▶ _Goal of the exercise_:
Locate "청년근속 인센티브 지원금으로 자기계발 학원비 결제 시 할인받는 법" in the records below, then copy its line and every following line exactly, without the pictures.

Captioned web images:
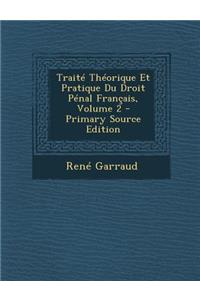 Traite Theorique Et Pratique Du Droit Penal Francais, Volume 2 (Primary Source)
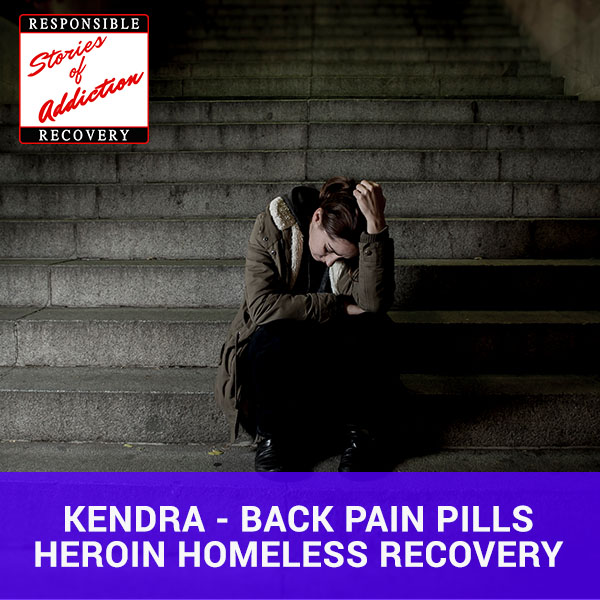 Kendra – Back Pain Pills Heroin Homeless Recovery: A Thirty-Four-Year-Old Woman Shares Her Ten-Year Journey Of Back Pain Pills, Heroin, Homelessness And Recovery - Responsible Recovery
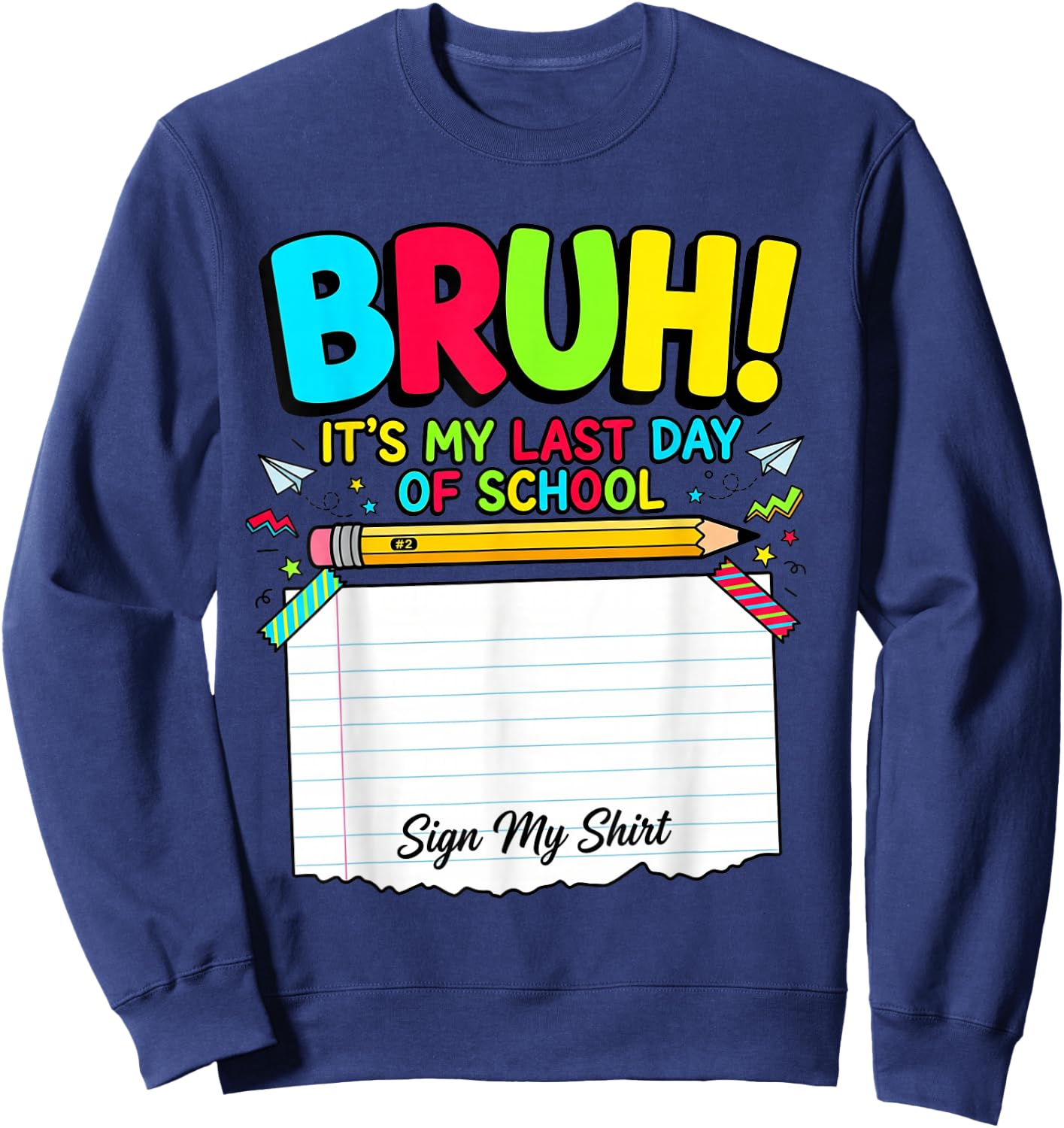 Bruh Its My Last Day of School Autograph Student Sign My Sweatshirt - Sweatshirt | Navy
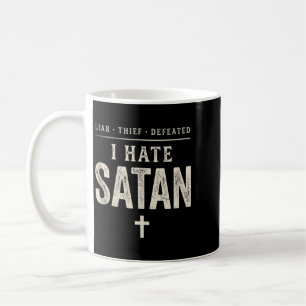 I Hate Satan Coffee Mug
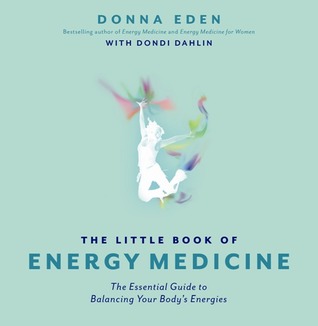 The Little Book of Energy Medicine: The Essential Guide to Balancing Your Body's Energies (Paperback)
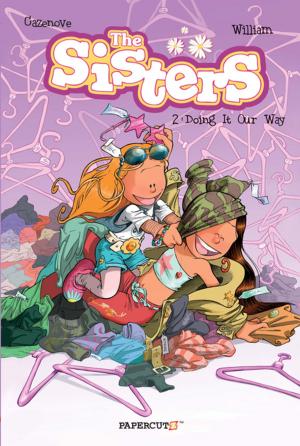 Cover of the book The Sisters Vol. 2 by Eric Esquivel, Carson Montgomery, Shane Houghton, Kevin Kramer
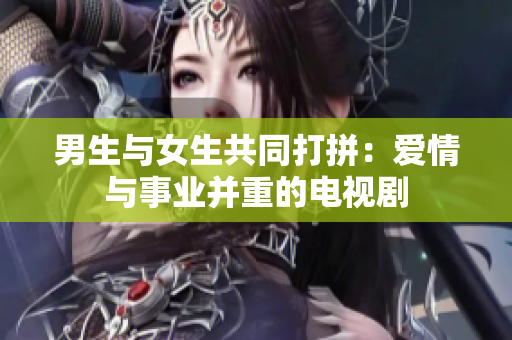 男生與女生共同打拼：愛(ài)情與事業(yè)并重的電視劇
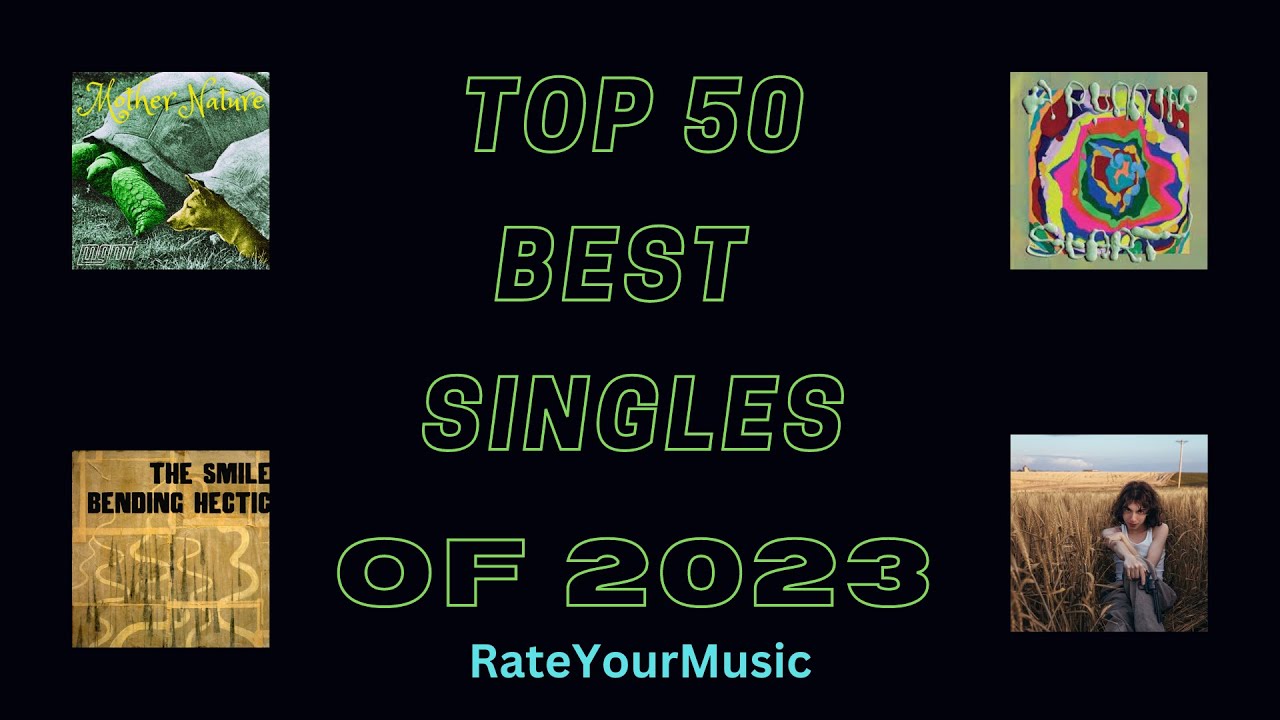 Top 50 Best Singles of 2023 from RateYourMusic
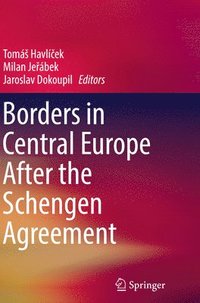 bokomslag Borders in Central Europe After the Schengen Agreement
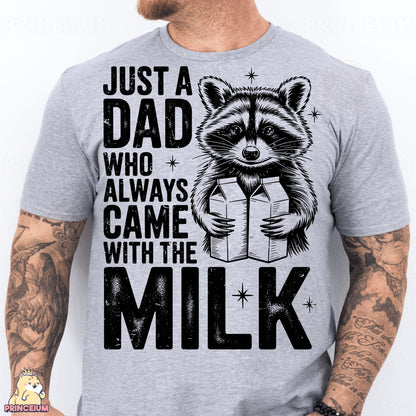 a man wearing a t - shirt that says just a dad who always came with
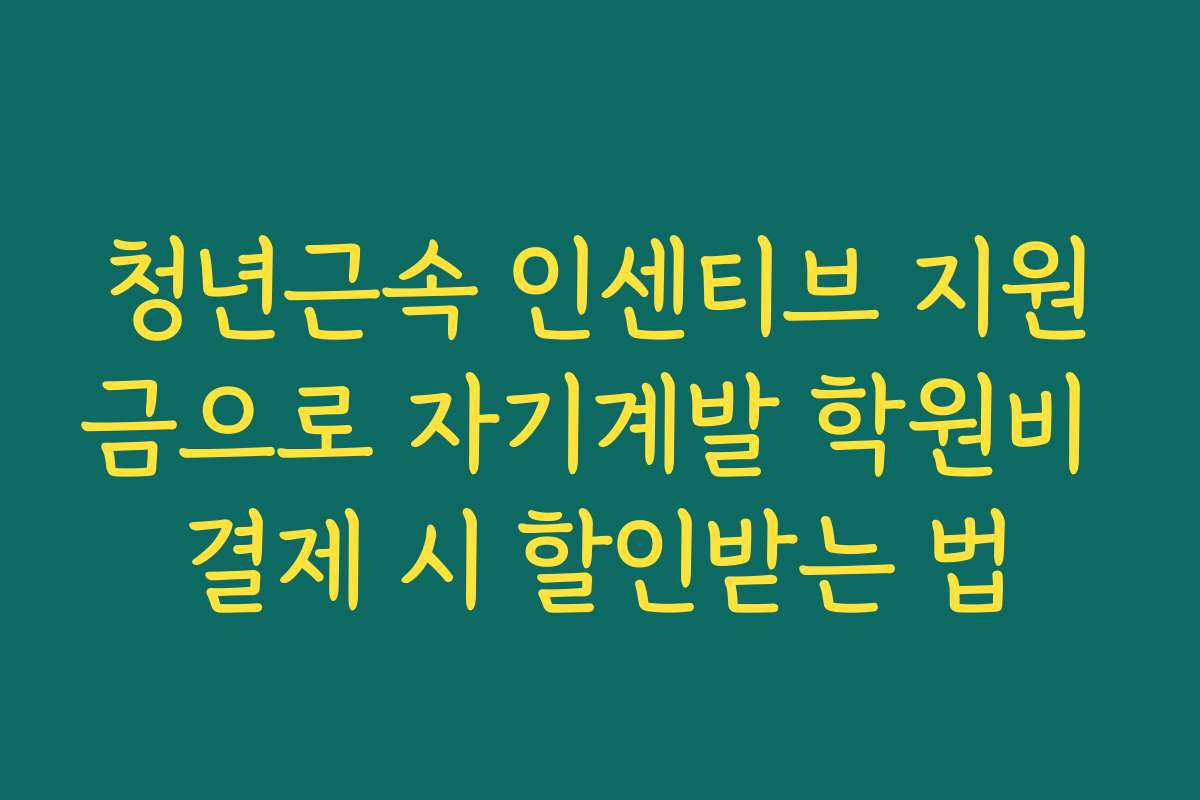 청년근속 인센티브 지원금으로 자기계발 학원비 결제 시 할인받는 법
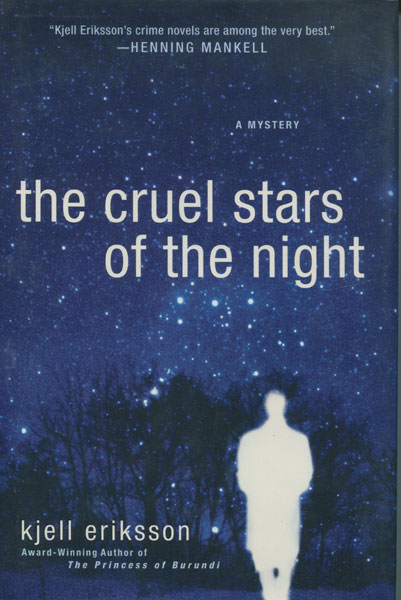 The Cruel Stars Of The Night KJELL ERIKSSON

▶ _Exercise answer_:
 청년근속 인센티브 지원금으로 자기계발 학원비 결제 시 할인받는 법
 The Cruel Stars Of The Night KJELL ERIKSSON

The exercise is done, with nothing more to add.